[Dataset extract]

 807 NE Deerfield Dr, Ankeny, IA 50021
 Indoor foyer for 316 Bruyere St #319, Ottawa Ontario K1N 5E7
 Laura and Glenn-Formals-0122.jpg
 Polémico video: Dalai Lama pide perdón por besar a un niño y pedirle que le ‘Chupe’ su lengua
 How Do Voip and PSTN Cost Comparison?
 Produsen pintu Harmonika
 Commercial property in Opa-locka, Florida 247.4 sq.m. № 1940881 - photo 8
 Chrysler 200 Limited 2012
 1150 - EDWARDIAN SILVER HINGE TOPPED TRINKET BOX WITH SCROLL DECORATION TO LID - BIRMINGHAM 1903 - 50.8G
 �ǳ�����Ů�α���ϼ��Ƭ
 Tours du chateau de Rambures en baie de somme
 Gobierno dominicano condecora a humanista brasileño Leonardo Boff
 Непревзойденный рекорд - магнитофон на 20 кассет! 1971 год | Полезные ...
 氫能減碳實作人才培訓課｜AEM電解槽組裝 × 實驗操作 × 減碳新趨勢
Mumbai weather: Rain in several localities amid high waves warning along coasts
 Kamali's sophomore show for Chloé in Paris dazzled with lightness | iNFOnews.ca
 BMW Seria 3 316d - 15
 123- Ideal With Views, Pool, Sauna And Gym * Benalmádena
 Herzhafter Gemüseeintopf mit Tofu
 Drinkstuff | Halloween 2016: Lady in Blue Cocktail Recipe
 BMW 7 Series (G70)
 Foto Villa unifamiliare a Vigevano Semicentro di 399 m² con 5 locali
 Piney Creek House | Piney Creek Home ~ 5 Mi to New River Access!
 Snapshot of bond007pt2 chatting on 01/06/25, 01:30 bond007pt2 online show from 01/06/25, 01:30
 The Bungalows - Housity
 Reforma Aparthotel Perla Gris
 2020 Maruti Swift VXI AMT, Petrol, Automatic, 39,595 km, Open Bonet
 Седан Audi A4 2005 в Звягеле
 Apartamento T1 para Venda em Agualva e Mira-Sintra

[/Dataset extract]

Restate, word for word, the final stretch of the entries above: the line containing "Drinkstuff | Halloween" and every line after it, up to and including the last.

 Drinkstuff | Halloween 2016: Lady in Blue Cocktail Recipe
 BMW 7 Series (G70)
 Foto Villa unifamiliare a Vigevano Semicentro di 399 m² con 5 locali
 Piney Creek House | Piney Creek Home ~ 5 Mi to New River Access!
 Snapshot of bond007pt2 chatting on 01/06/25, 01:30 bond007pt2 online show from 01/06/25, 01:30
 The Bungalows - Housity
 Reforma Aparthotel Perla Gris
 2020 Maruti Swift VXI AMT, Petrol, Automatic, 39,595 km, Open Bonet
 Седан Audi A4 2005 в Звягеле
 Apartamento T1 para Venda em Agualva e Mira-Sintra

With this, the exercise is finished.